Return the data below in full, exactly as it stands.

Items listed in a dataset
- Opening Delimiter -
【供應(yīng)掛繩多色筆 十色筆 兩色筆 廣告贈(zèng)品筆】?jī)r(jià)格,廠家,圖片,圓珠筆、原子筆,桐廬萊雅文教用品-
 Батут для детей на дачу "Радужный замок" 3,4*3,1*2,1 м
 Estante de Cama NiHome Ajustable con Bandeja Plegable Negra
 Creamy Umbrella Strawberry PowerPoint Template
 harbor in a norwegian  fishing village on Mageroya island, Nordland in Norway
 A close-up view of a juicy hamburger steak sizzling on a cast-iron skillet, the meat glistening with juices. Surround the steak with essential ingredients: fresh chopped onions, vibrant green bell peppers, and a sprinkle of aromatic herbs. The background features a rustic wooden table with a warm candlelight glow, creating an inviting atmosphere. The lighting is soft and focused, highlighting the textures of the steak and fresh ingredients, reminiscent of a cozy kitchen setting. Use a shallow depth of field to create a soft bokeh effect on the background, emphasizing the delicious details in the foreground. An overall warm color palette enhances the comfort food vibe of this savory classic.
- Closing Delimiter -
## RESPONSE TO THIS TASK
【供應(yīng)掛繩多色筆 十色筆 兩色筆 廣告贈(zèng)品筆】?jī)r(jià)格,廠家,圖片,圓珠筆、原子筆,桐廬萊雅文教用品-
 Батут для детей на дачу "Радужный замок" 3,4*3,1*2,1 м
 Estante de Cama NiHome Ajustable con Bandeja Plegable Negra
 Creamy Umbrella Strawberry PowerPoint Template
 harbor in a norwegian  fishing village on Mageroya island, Nordland in Norway
 A close-up view of a juicy hamburger steak sizzling on a cast-iron skillet, the meat glistening with juices. Surround the steak with essential ingredients: fresh chopped onions, vibrant green bell peppers, and a sprinkle of aromatic herbs. The background features a rustic wooden table with a warm candlelight glow, creating an inviting atmosphere. The lighting is soft and focused, highlighting the textures of the steak and fresh ingredients, reminiscent of a cozy kitchen setting. Use a shallow depth of field to create a soft bokeh effect on the background, emphasizing the delicious details in the foreground. An overall warm color palette enhances the comfort food vibe of this savory classic.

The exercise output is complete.